> ASSIGNMENT
Pictures aside, reproduce exactly and only the lines below, starting at the one containing "Health King Medicinal" and ending at the last line.

> DATA
__________________________________________________

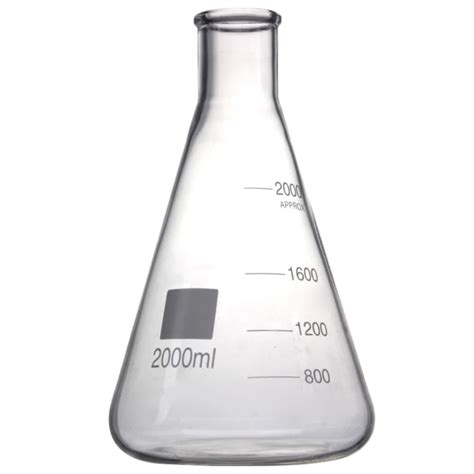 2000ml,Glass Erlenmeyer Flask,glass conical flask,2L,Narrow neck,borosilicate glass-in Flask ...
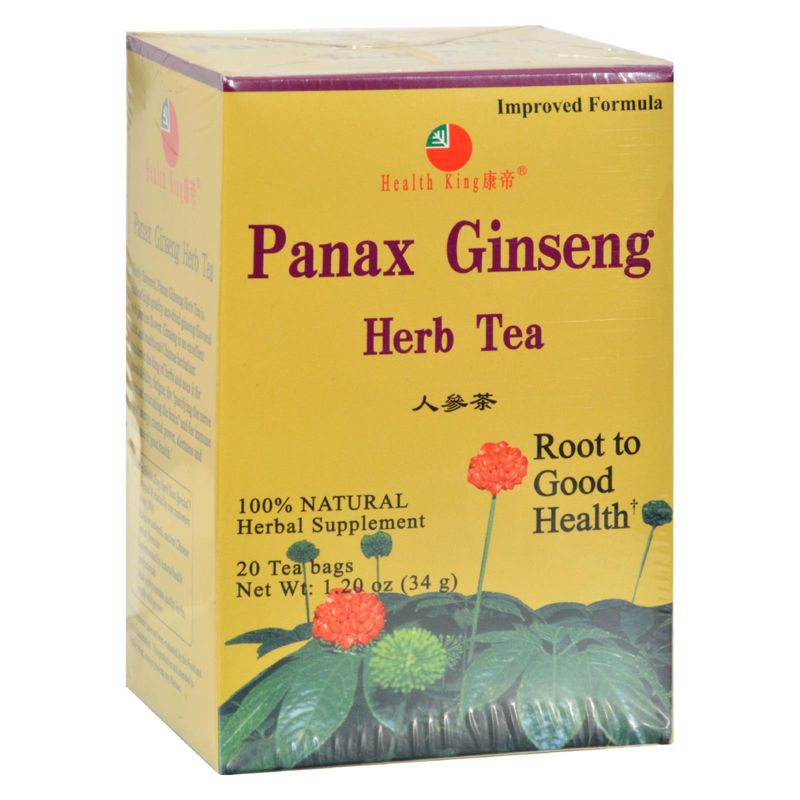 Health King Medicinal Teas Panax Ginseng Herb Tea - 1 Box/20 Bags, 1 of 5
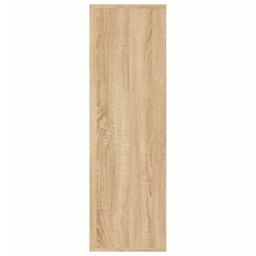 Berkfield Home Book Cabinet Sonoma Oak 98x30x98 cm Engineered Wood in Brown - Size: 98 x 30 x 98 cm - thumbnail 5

__________________________________________________

> RESPONSE TO THE EXERCISE
 Health King Medicinal Teas Panax Ginseng Herb Tea - 1 Box/20 Bags, 1 of 5
 Berkfield Home Book Cabinet Sonoma Oak 98x30x98 cm Engineered Wood in Brown - Size: 98 x 30 x 98 cm - thumbnail 5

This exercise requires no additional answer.